# pm9 break-in?



## Takuan (Apr 21, 2009)

Hello all,

I'm new here, and apologize if the following question has already been addressed.

Recently, I purchased a new pm9, read the manual, and took it out to the range to try. The manual describes a 200 round break-in period, and that's the number I fired at the range. Without exception, I could not get the first round chambered whenever I changed magazines. Always, the slide would stick open, no matter what I'd do. The only thing that seemed to work was slamming the bottom of the mag... this would chamber the first round. I didn't have any problems once the first cartridge was fired.

So, is this a common problem with the pm9? Is this what Kahr is talking about with respect to the break-in period? If so, how many more rounds do I need to put through before this stops happening? Or, at what point do I call Kahr to resolve the problem?

Thanks in advance for any advice.


----------



## YFZsandrider (Feb 28, 2009)

describe that a little better. so you would empty a mag, release it, reload the mag and put it in the gun, then release the slide and it would stick open. -OR- after the gun was emptied you would drop the mag, release the slide, load the mag and put it in the gun, then try to rack the slide?


----------



## Black Metal (Jan 16, 2008)

The manual states that you need to use the slide release to chamber the first round. Is that what you were doing or were you trying to slingshot the slide? Kahr's are very tight when they are new, they will get smoother over time. My wife carries a PM9, when we first got it it had a similar problem but it worked itself out after about 400 rounds. She carries with one in the pipe and we have never had a ftf or fte so it was never really a problem.


----------



## Takuan (Apr 21, 2009)

YFZsandrider said:


> describe that a little better. so you would empty a mag, release it, reload the mag and put it in the gun, then release the slide and it would stick open. -OR- after the gun was emptied you would drop the mag, release the slide, load the mag and put it in the gun, then try to rack the slide?


The former. The slide stays open after the last cartridge. After I'd insert a new mag, the slide would be stuck open, and I couldn't rack it by hand. Only by slamming the bottom of the mag would the slide retract.
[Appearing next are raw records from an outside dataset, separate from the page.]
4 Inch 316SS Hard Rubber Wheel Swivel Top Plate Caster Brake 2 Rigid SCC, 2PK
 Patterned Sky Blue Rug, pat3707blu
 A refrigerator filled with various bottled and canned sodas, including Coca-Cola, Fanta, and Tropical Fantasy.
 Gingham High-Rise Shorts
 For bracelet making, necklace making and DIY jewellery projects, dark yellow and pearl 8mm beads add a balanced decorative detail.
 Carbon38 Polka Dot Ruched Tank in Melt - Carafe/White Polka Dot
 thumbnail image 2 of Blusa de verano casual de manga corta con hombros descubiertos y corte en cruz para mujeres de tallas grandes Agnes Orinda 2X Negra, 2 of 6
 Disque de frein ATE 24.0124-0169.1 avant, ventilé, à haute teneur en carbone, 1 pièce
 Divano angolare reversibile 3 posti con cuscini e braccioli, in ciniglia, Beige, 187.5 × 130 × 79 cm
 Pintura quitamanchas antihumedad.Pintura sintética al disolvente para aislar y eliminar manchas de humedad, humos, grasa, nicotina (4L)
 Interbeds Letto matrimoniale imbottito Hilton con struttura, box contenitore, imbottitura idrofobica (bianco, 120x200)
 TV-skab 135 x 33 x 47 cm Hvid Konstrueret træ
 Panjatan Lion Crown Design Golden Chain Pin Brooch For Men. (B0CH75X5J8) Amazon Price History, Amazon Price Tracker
I never released the slide before inserting another magazine.


----------



## Takuan (Apr 21, 2009)

Drew_Rami_P said:


> The manual states that you need to use the slide release to chamber the first round. Is that what you were doing or were you trying to slingshot the slide? Kahr's are very tight when they are new, they will get smoother over time. My wife carries a PM9, when we first got it it had a similar problem but it worked itself out after about 400 rounds. She carries with one in the pipe and we have never had a ftf or fte so it was never really a problem.


That was the problem, I couldn't chamber the first round, no matter what I tried. Only when I slammed the bottom of the mag would the slide retract. So, my question is still whether this is normal during the break-in period. I plan to head back to the range next week with another 200 rounds or so... from your experience, it sounds like that's what it took.


----------



## oclv (Apr 1, 2009)

Just to be clear. Once you insert the magazine, make sure you close the slide with the slide release only. Don't pull the slide back with one hand while you press the slide release with the other hand. Just hit the slide release and let it shut on its own. oclv


----------



## YFZsandrider (Feb 28, 2009)

oclv said:


> Just to be clear. Once you insert the magazine, make sure you close the slide with the slide release only. Don't pull the slide back with one hand while you press the slide release with the other hand. Just hit the slide release and let it shut on its own. oclv


+1... no slingshotting allowed


----------



## Takuan (Apr 21, 2009)

oclv said:


> Just to be clear. Once you insert the magazine, make sure you close the slide with the slide release only. Don't pull the slide back with one hand while you press the slide release with the other hand. Just hit the slide release and let it shut on its own. oclv


Thanks. I'll give this a try next time out.


----------



## Recycooler (Apr 7, 2009)

I also cannot "pull back " to chamber a load on my K9. I must use the slide lock/release.But when it is empty and the slide is forward ,if I put a full mag in I can do the push pull to chamber a load.I have one bad mag that wont keep the slide locked back when it is emptyI need a new carrier


----------



## Takuan (Apr 21, 2009)

Thought I'd report back that oclv was right on the money. I went back to the range and put 150 rounds through my freshly cleaned and lubed pm9 without a single hiccup. Once the slide is open, and a new mag inserted, just pressing the slide release did the trick every time.

Thanks for the help!


----------



## oclv (Apr 1, 2009)

Nice. You will enjoy it more and more the more you shoot it. oclv


----------



## ldeleon (Apr 29, 2009)

YFZsandrider said:


> +1... no slingshotting allowed


i beg to differ, i sling shot mine. allthough you have to pull all the way back, let it go fast


----------



## YFZsandrider (Feb 28, 2009)

True, I too CAN slingshot mine, but like you said- you can't baby it! Pull all the way back and let 'er rip. I'd just rather be in the habit of doing it Kahr's way. My P9 is my carry gun, with one always chambered, and if it ever gets used, that second clip slams in and the slide stop is dropped. Round chanbered. No worries.


----------



## backyardshooter (Dec 24, 2008)

[Read The manual all that needs to be said:numbchuck:[/SIZE]


----------



## SaltyDog (Jan 1, 2009)

I hate reading instructions - No pictures.


----------



## Takuan (Apr 21, 2009)

I actually did read the manual, but must have missed the bit about just using the slide release... probably because the type wasn't big enough.


----------



## YFZsandrider (Feb 28, 2009)

hey, no yelling. There are some very timid gun owners here!


----------